What is required
Leaving the pictures aside, transcribe every line below exactly.

Collected material
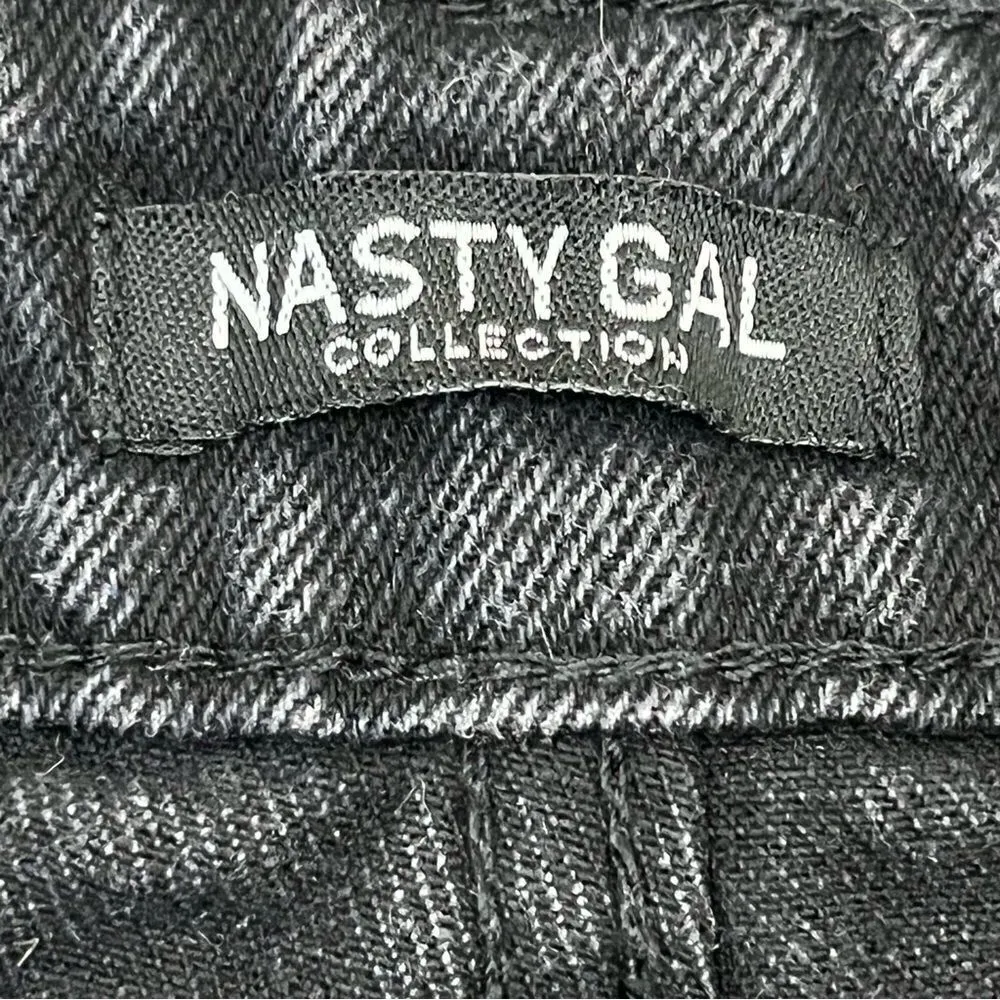 Nasty Gal Faded Black Jeans High Waist Destroyed 14 - Image 6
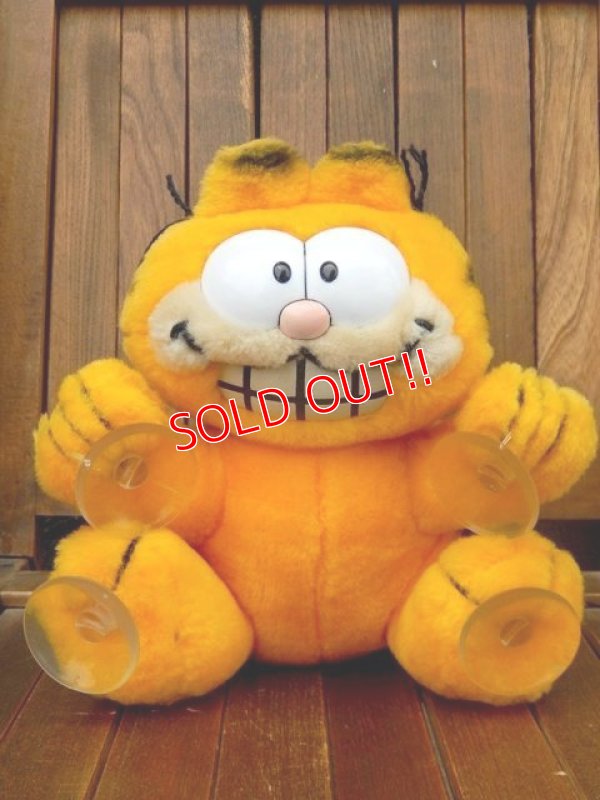 画像1: ct-170605-26 Garfield / R.DAKIN 1980's Plush Doll "Stuck on You!"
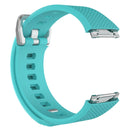 For Fitbit Ionic Herringbone Texture Silicone Watch Band with Buckle, Size:L(Mint Green)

Response to this task
 Nasty Gal Faded Black Jeans High Waist Destroyed 14 - Image 6
 画像1: ct-170605-26 Garfield / R.DAKIN 1980's Plush Doll "Stuck on You!"
 For Fitbit Ionic Herringbone Texture Silicone Watch Band with Buckle, Size:L(Mint Green)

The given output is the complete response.